§ EXERCISE REQUIREMENTS: Starting with the line that has "Rosales López ÁngelaDN_12Servicios" and finishing with the line that has "Bild des Verkufers", set down each line below exactly. Pictures are not copied.

§ TASK INPUTS:
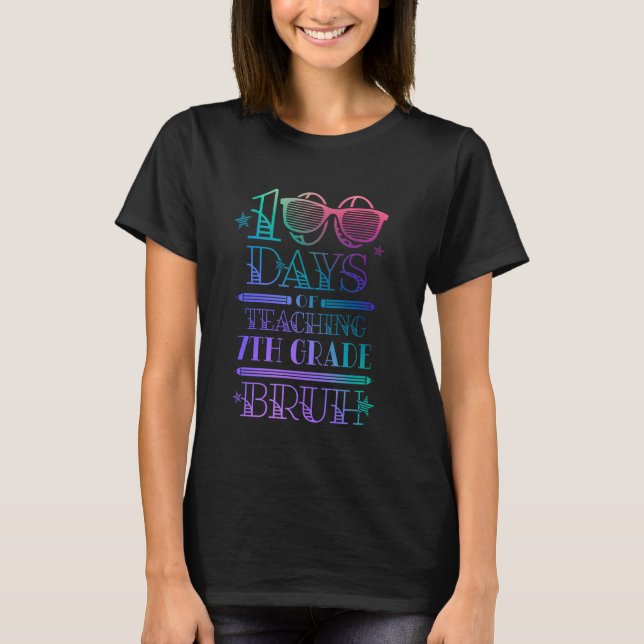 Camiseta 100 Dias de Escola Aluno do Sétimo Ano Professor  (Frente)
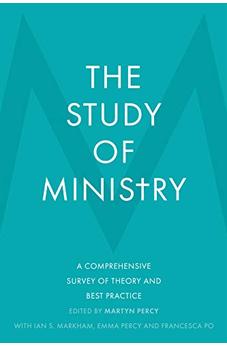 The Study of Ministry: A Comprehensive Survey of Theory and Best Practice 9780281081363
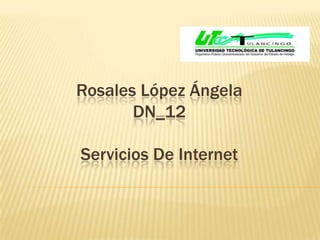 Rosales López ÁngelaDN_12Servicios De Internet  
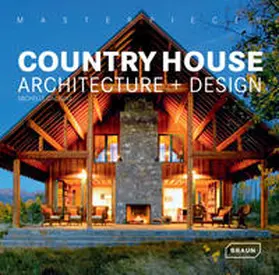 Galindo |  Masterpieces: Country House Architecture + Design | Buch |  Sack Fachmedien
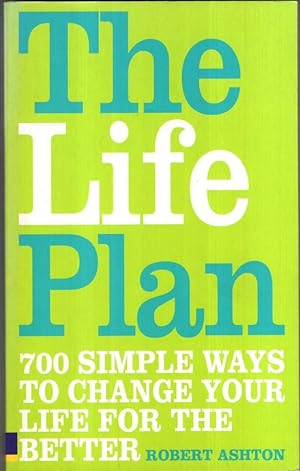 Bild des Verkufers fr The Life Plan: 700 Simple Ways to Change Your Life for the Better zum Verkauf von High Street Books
==
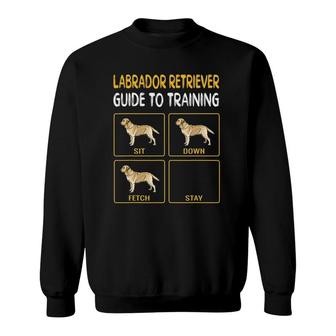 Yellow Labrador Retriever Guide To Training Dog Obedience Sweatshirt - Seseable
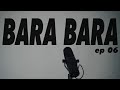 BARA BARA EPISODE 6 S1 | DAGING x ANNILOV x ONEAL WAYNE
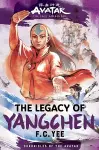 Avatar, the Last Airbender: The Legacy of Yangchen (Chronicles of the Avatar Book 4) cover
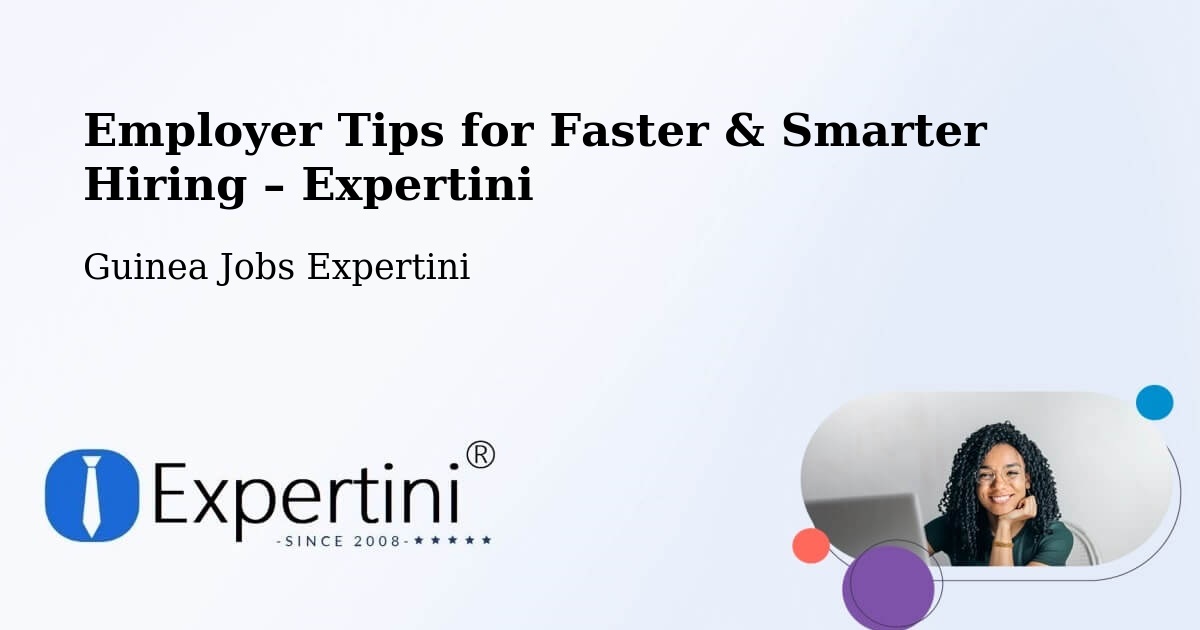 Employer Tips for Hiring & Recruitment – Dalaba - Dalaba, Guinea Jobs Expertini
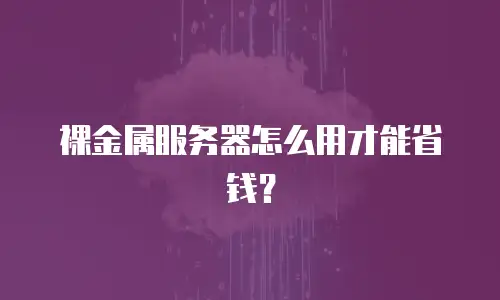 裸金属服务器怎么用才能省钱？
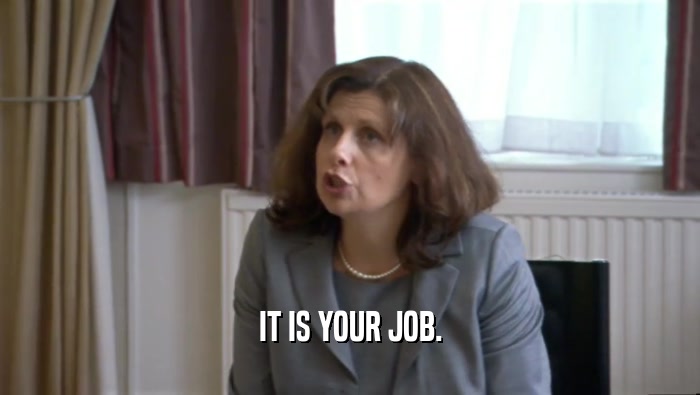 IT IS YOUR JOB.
--
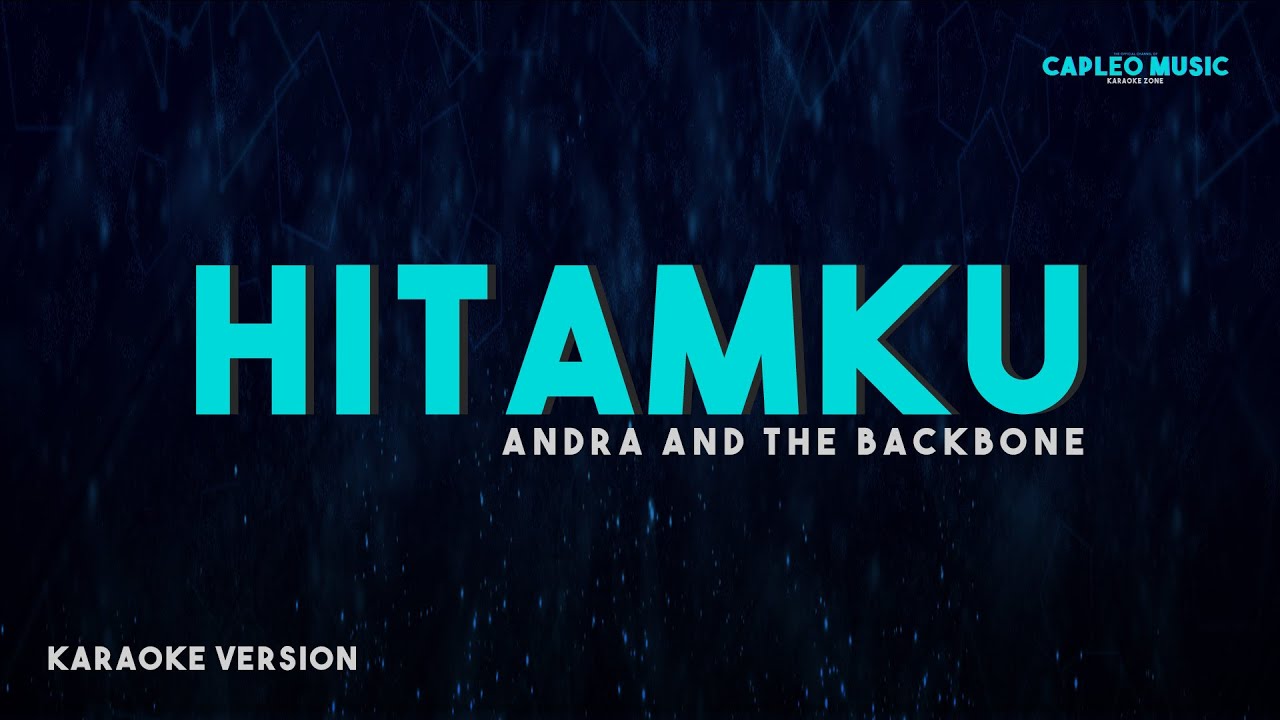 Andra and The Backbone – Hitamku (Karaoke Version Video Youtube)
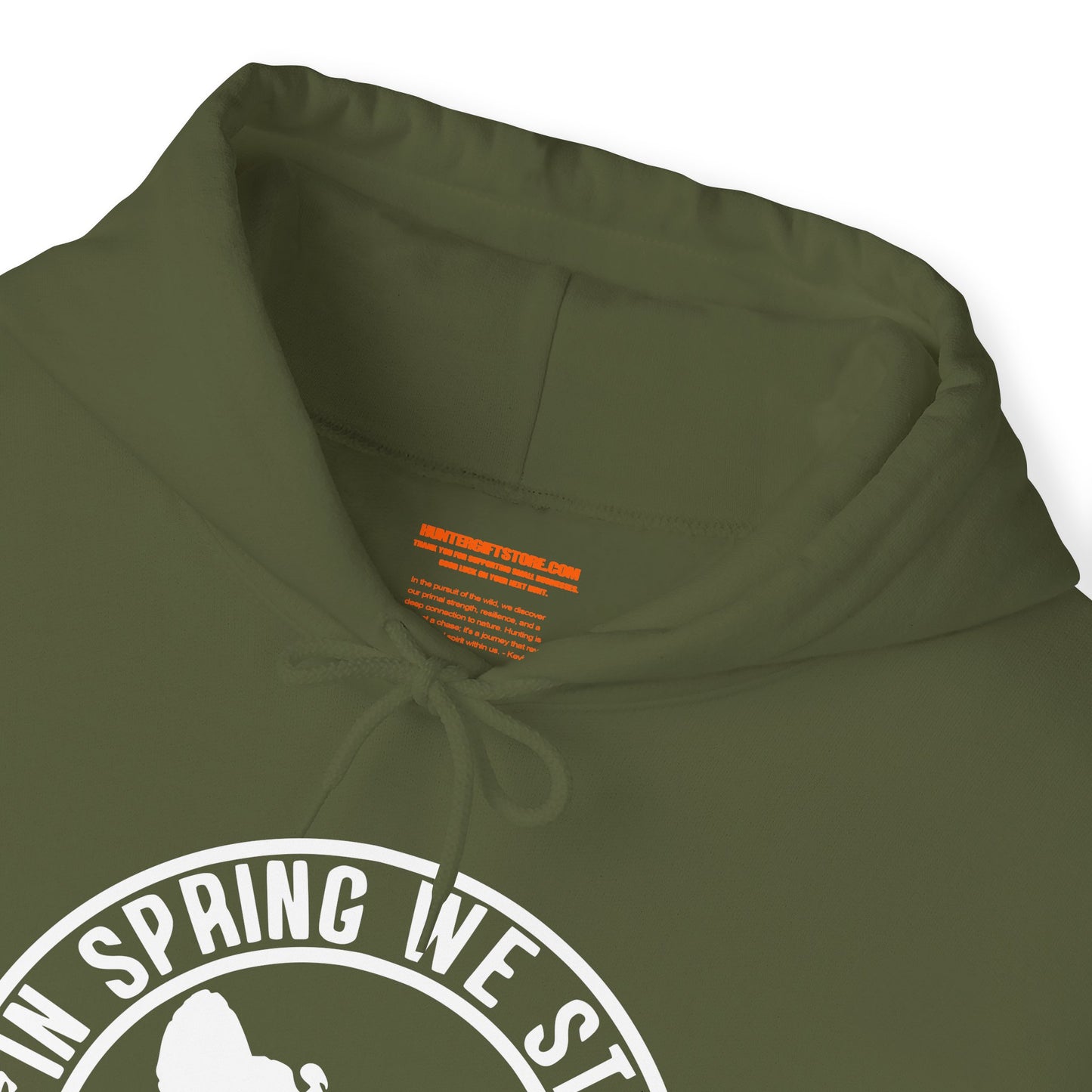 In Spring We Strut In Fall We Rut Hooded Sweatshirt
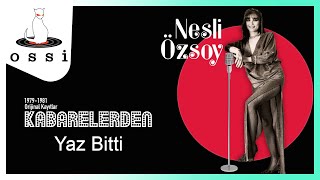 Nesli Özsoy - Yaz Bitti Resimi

§ EXERCISE OUTPUT:
 Rosales López ÁngelaDN_12Servicios De Internet  
 Galindo |  Masterpieces: Country House Architecture + Design | Buch |  Sack Fachmedien
 Bild des Verkufers fr The Life Plan: 700 Simple Ways to Change Your Life for the Better zum Verkauf von High Street Books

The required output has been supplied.